Résumé 
Classification and generation of sound require a modeling approach
that takes into account, additionally to the common sound features,
also the statistical behaviour of the sound components. Such
statistics include the stationary random fluctuations in amplitude and
frequency that occur during sustained portions of the sound and the
stochastic behaviour of sound during its lifetime.
In our work we have considered so far statistical models of the
variations that occur during a sustained portion of the sound.
Various aspects, such as phase coupling and its relation to Higher
Order Statistical (HOS) analysis were investigated and shown to be
important for sound characterization.
The purpose of the current work is to extend this research towards
modeling the temporal behaviour of sound. We are considering a
unified model that combines spectral and HOS features and apply a new
method for comparison between the temporal evolutions of these
features. Typical applications envisioned are very broad and include
characterisation for analysis/synthesis, coding and sound database
retrieval.
In order to understand the problems in comparing sounds, one must note
that there are different temporal scales for sound behaviour. This
includes short term correlations related to the timbral properties
(such as formants), correlations due to pitch period, slower
modulations such as vibrato, expressivity inflections, and transitions
between different notes. Thus a sequence that might seem stationary
on one time scale, departs from stationarity and ergodicity on another
time scale.
This situation poses a problem for assessing the right probability
function for the sequence of samples. Moreover, for purposes of
classification, introducing similarity measures between sounds is
usually based upon specific models (like Markov models of a certain
order) or apriori knowledge of the parametric shape of the probability
distribution, a situation which we would like to avoid.

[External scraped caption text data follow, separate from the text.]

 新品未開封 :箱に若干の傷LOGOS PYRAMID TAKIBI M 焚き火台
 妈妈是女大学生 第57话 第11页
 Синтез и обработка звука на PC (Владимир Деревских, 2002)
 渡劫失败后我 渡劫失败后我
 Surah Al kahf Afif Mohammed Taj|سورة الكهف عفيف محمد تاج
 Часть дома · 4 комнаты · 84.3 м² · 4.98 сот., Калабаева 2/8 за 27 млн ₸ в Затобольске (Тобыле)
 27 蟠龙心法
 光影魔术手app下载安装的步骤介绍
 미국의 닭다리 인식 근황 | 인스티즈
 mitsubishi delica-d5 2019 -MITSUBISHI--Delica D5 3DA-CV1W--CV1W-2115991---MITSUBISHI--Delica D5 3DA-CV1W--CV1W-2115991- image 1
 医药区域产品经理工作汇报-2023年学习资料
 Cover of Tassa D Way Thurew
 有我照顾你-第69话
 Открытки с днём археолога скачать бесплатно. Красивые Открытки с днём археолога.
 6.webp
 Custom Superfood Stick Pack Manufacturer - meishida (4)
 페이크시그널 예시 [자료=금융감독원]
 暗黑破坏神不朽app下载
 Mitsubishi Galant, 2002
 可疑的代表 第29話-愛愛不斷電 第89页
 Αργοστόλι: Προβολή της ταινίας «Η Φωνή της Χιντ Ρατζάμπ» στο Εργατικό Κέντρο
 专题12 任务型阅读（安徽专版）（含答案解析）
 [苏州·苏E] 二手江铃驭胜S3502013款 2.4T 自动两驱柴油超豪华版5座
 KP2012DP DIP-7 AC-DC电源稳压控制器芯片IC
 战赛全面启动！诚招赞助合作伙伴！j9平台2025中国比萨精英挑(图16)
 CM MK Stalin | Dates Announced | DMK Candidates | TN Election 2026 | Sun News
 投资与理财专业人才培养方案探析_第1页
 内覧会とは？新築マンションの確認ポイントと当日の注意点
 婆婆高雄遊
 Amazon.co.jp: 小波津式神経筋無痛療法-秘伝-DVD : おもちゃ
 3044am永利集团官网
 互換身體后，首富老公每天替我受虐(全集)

A possible solution for this problem is to consider the Markovian
property at different time scales by using multiple features and
capturing their temporal behaviours. Thus, we consider a model
composed of features that represent stationary segments (states) and
transition between these states.
For short time description of the sound we use a of spectral envelopes
(Mel Frequency Cepstral Coefficients (MFCC), like in speech), which
allow for up to 90% of data reduction in sound representation.
Moreover, a vector quantisation (VQ) procedure further reduces the set
of envelopes by optimally representing the complete dataset with just
a few typical envelopes.
In order to capture the information present in higher cepstral
coefficients as well, additional parameters were used. These higher
cepstral coefficients correspond to the excitation signal (also called
the residual). Variations in the fundamental frequency and HOS
parameters that describe the residual properties (such as kurtosis
which is related to phase coupling) were used.
The investigation into temporal structure of the signal was done along
two lines:
1). the short time temporal evolution is described by specific
features such as cepstral "difference" and "acceleration". The
evolution is considered in terms of transition between "typical"
envelopes found by VQ. This method gives excellent performance for
limited data sets such as isolated notes by matching both the
instantaneous spectral shapes and their evolution.
2). for the long term behaviour of the signal we applied
informationtheoretic tools for classification of the feature
sequences. Using ZivMerhav ``universal'' sequence classification
method, the crossentropy comparison is done without estimation of a
specific Markov model. The model requires long feature sequences to
reveal its structure and is applicable for complex sounds such as note
sequences and some nonmusical sounds.
The model, classification scheme and refinements for specific types of
sounds will be presented in the paper.